Where De Angelis departs explicitly from Marx is in his understanding of two key theories developed in Capital: exploitation and primitive accumulation. De Angelis claims that Marx did not question what lies behind the reproduction of capital. Therefore he favours an approach based on social reproduction theory, where domestic labour is part of the production process, as developed by feminist scholars in the 1970s as an alternative to the theory of exploitation and primitive accumulation.
But cherry-picking bits of Marx and stitching the fragments back together does not provide the basis for developing a coherent theory of the political economy of the commons. For a start, it makes the new categories he develops to describe the commons very difficult to understand. Marxists have normally understood the commons as a historic form whose eradication, under a process of primitive accumulation, was the precondition for the development of wage labour under industrial capitalism. For De Angelis, enclosure and dispossession are the continuing processes—accentuated under neoliberalism—by which the expansion of the system is realised through the destruction of the commons. But extending the theory of primitive accumulation in this way is an area of controversy among Marxists. Silvia Federici developed the theory in order to sustain the notion of primitive accumulation occurring in the home, the reproduction of labour by this means being the precondition for wage labour. This is a departure from Marx because it ignores his key point: that the working class was created historically under capitalism. Extending the theory in this way robs it of its explanatory power. As Chris Harman pointed out in this journal, primitive accumulation: “permitted the development of a specifically capitalist way of expanding this wealth by creating a class of ‘free’ workers with no choice but to sell their labour power to those now in control of the means of production”.6
There are other problems with De Angelis’s book. He rejects what he terms the “classical narrative of Marxism” in which the working class abolishes capitalism through revolution and replaces it with socialism, “in which the state will direct all economic activity and regulate the market” and in which the “revolutionary workers would have some advantage in some aspect of social reproduction, but ultimately the elite would define the road to socialism” and the “old rebels would go back to work under the old discipline with ‘socialist spirit’” (p275). But this caricature of socialism weakens his analysis. In this way the working class is pushed to the back of the stage. The conflict between labour and capital is replaced by the conflict between capital and commoners.
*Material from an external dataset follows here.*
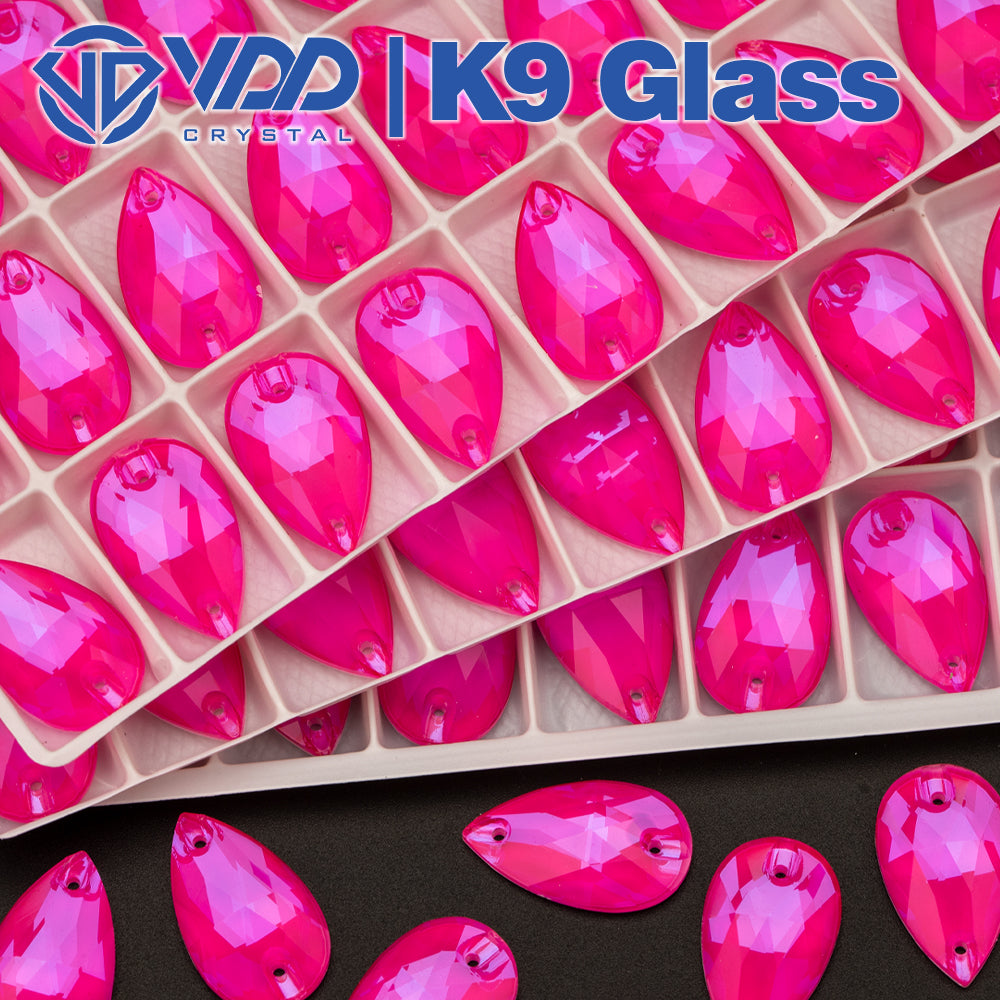 VDD Pear K9 Neon Rose Glass Sew on Rhinestones Sewing Crystal Flatback Stones for DIY Clothes Accessories Wedding Dress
De Angelis is well aware of the dangers of co-optation of the commons within capitalism and his claims are hedged with caveats. He is at pains to point out how co-optation can arise. But he is unable to resolve some of the problems he introduces when analysing social struggles through his conceptual prism. These problems become glaring when analysing public services, the “bureaucratic commons” as he terms it. Public libraries are an example of the intellectual commons analysed in this book. So the situation that arose in 2012, when Barnet Council in London announced the closure of a library with plans to sell the building, provides a concrete example of what’s at stake. The local community successfully occupied the building and now run it as a community library staffed mostly by volunteers, forcing the council to halt the sell-off. But when full-time professional library staff are substituted by volunteers, this is still austerity for the local community. Because he has nothing to say about working class agency, De Angelis’s theory cannot offer a convincing strategy to take this struggle forward.7
De Angelis does not claim the commons is emancipatory per se; it is only when it is harnessed to social movements and political struggle that it can achieve real gains and challenge the logic of capitalism. His best example of a commons struggle is the “water wars” that took place in Bolivia in the early 2000s. The government, under pressure from the IMF and the World Bank, announced the privatisation of Cochabamba’s water supply and the awarding of a contract to the giant US multinational Bechtel to control the water system. This is despite the fact that the water was not the government’s to sell. The water infrastructure in many parts of the system was built, owned and managed by the local community for use by the community—especially in the poorer parts of town. Following mass civil unrest, culminating in a general strike, the government was quickly forced to abandon its privatisation plans. This defeat was a signal point in the battle against neoliberalism not only in Bolivia, but across the whole of Latin America.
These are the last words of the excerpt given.